What strikes you most about Mangalore is its openness and size ideally cradled in majestic hills, landscape and sea; and a land of greenery and red soil. Bajpe airport, located on the elevated flat hill boasts of a modern international airport. Here apart from Mangaloreans, Malayalees and Gujaratis; now people from different states of India rub shoulders with each other and get along well. Mangalore is also one of the cleanest cities. It wears a decent look. But the streets are ornamented with auto-rickshaws, buses and tourist cars. It is a spring-board to the beautiful discoveries you can make in and around Mangalore, where nature is in the raw and un-spoilt by modern influences in many areas.

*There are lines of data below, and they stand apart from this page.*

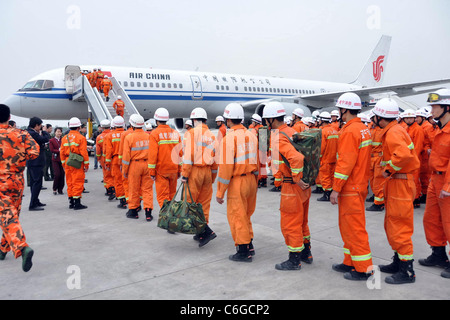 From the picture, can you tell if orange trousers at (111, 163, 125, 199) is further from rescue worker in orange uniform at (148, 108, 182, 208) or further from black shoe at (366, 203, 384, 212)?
black shoe at (366, 203, 384, 212)

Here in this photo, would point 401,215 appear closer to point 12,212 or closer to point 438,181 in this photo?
point 438,181

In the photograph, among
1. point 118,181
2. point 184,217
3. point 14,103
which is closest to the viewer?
point 184,217

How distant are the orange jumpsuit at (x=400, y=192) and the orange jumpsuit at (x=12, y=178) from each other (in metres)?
4.24

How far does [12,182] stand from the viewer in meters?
4.36

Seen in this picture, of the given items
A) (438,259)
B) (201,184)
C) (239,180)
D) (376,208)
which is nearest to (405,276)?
(438,259)

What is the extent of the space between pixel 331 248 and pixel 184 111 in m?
14.4

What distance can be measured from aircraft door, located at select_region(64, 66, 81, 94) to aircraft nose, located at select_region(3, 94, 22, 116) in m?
1.97

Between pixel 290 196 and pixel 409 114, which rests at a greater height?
pixel 409 114

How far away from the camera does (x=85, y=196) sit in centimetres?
896

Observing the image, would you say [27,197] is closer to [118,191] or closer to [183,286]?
[118,191]

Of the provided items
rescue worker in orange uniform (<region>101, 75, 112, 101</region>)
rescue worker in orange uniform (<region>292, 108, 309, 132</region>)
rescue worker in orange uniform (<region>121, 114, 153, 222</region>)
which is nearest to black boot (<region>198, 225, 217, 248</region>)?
rescue worker in orange uniform (<region>121, 114, 153, 222</region>)

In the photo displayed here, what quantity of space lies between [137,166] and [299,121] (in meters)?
5.12

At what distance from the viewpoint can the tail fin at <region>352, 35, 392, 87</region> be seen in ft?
98.6

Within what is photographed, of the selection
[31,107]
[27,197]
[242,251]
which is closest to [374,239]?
[242,251] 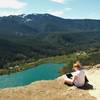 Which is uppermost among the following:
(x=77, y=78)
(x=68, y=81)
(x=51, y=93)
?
(x=77, y=78)

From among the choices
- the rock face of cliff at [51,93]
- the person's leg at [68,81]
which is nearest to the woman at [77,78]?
the person's leg at [68,81]

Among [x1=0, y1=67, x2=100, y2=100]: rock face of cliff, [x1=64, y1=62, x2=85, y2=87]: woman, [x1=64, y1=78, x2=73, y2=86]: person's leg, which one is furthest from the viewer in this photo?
[x1=64, y1=78, x2=73, y2=86]: person's leg

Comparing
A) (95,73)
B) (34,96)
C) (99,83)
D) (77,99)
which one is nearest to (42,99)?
(34,96)

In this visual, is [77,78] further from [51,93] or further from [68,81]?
[51,93]

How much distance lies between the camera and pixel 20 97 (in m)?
22.5

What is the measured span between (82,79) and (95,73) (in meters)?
7.11

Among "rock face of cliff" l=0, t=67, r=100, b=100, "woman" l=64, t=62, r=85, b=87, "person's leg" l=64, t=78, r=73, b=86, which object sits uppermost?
"woman" l=64, t=62, r=85, b=87

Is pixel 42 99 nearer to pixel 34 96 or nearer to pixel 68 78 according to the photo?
pixel 34 96

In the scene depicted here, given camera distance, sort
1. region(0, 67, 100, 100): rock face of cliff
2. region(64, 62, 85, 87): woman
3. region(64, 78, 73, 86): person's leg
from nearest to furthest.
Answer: region(0, 67, 100, 100): rock face of cliff
region(64, 62, 85, 87): woman
region(64, 78, 73, 86): person's leg

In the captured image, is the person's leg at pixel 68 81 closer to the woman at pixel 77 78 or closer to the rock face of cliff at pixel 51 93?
the woman at pixel 77 78

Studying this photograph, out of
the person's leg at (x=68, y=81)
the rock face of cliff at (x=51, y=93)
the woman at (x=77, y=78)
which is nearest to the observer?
the rock face of cliff at (x=51, y=93)

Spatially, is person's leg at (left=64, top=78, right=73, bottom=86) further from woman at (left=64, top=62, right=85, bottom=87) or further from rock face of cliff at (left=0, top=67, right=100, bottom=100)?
rock face of cliff at (left=0, top=67, right=100, bottom=100)

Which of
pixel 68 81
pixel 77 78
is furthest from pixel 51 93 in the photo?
pixel 68 81

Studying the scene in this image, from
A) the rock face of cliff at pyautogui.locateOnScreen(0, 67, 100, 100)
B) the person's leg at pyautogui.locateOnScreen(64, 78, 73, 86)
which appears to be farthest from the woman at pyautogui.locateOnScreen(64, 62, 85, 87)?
the rock face of cliff at pyautogui.locateOnScreen(0, 67, 100, 100) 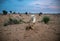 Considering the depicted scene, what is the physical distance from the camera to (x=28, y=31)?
3.11 metres

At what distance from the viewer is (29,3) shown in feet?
10.3

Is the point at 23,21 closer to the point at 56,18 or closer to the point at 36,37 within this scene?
the point at 36,37

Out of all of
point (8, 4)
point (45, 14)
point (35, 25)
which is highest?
point (8, 4)

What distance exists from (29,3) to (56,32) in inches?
33.0

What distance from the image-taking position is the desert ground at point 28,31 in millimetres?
3084

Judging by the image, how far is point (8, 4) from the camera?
311cm

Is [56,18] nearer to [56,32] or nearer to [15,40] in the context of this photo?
[56,32]

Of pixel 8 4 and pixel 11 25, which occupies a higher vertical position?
pixel 8 4

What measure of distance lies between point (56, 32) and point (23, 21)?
740mm

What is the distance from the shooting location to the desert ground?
308cm

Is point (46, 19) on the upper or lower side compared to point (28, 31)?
upper

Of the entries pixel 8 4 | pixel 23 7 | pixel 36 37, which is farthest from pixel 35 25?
pixel 8 4

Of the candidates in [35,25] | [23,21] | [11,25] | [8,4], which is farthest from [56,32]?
[8,4]

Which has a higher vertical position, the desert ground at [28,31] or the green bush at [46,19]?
the green bush at [46,19] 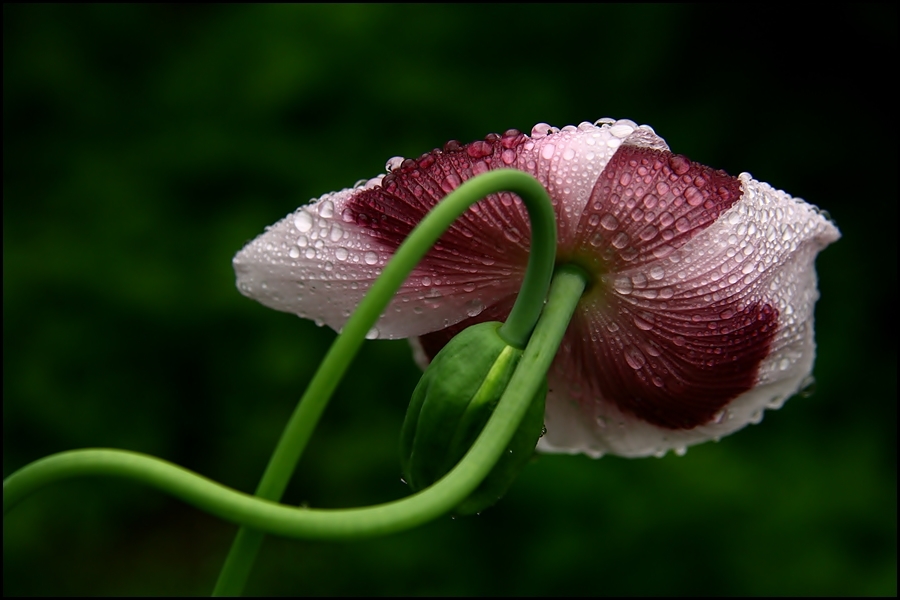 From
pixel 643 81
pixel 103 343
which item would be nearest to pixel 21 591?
pixel 103 343

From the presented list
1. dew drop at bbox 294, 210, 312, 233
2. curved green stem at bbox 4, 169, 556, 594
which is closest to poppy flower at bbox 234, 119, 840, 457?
dew drop at bbox 294, 210, 312, 233

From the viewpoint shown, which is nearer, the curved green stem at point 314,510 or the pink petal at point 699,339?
the curved green stem at point 314,510

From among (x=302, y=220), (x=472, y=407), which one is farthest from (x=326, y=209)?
(x=472, y=407)

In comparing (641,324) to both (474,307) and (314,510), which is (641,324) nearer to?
(474,307)

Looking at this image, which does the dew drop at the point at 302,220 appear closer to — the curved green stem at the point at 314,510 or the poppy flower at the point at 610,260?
the poppy flower at the point at 610,260

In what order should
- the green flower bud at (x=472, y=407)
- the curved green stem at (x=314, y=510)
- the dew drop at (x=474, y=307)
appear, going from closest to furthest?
the curved green stem at (x=314, y=510), the green flower bud at (x=472, y=407), the dew drop at (x=474, y=307)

Mangalore has a Municipal Corporation to help and provide better civic amenities to the people; the city limit has been extended up to Panumbur (New Mangalore port). Mangalore has every quality to become a city big. It has a good harbour, agriculture, traditional industries, big and modern industries, high literacy and educational institutions. Today Mangalore is looking forward and it will make it. Modern day Mangalore is a fascinating mix of ancient wonders and modern marvels. Age old monuments still stand proud enduring the vagaries of nature – within sight of newly constructed buildings, malls and complexes. The city with historic legacy of hundreds of years is today the hub of commercial activity. Mangalore is looking ahead with confidence. And it will make it.